TASK MATERIAL
------------------------------------
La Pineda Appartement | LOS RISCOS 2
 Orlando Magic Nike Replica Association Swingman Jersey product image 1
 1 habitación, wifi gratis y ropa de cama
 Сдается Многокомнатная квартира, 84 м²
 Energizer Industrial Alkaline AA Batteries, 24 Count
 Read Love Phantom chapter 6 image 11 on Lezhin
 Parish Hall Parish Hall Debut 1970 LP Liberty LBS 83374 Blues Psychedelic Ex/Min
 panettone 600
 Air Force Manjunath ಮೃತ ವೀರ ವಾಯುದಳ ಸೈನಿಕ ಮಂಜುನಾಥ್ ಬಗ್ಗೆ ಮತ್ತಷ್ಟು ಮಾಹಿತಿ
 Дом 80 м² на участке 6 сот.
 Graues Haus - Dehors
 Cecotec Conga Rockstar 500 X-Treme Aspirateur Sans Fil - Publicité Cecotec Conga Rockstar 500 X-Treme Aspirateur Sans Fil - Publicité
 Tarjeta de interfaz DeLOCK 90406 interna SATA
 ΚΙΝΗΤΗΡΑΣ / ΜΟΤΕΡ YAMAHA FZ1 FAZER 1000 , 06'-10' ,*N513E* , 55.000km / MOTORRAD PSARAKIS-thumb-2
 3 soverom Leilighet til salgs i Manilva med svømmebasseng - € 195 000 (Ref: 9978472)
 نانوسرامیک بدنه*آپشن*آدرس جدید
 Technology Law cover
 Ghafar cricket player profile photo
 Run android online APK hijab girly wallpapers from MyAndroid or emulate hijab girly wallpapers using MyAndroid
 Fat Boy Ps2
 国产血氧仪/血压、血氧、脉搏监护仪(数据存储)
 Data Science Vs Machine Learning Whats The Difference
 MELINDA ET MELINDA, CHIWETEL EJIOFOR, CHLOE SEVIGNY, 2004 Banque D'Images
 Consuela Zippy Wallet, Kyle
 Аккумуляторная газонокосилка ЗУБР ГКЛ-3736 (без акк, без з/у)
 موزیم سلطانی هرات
------------------------------------
EXERCISE DIRECTIONS
Copy only the entries from the first line to the line with "Parish Hall Parish", each exactly as it appears.

RESPONSE TO THE TASK
La Pineda Appartement | LOS RISCOS 2
 Orlando Magic Nike Replica Association Swingman Jersey product image 1
 1 habitación, wifi gratis y ropa de cama
 Сдается Многокомнатная квартира, 84 м²
 Energizer Industrial Alkaline AA Batteries, 24 Count
 Read Love Phantom chapter 6 image 11 on Lezhin
 Parish Hall Parish Hall Debut 1970 LP Liberty LBS 83374 Blues Psychedelic Ex/Min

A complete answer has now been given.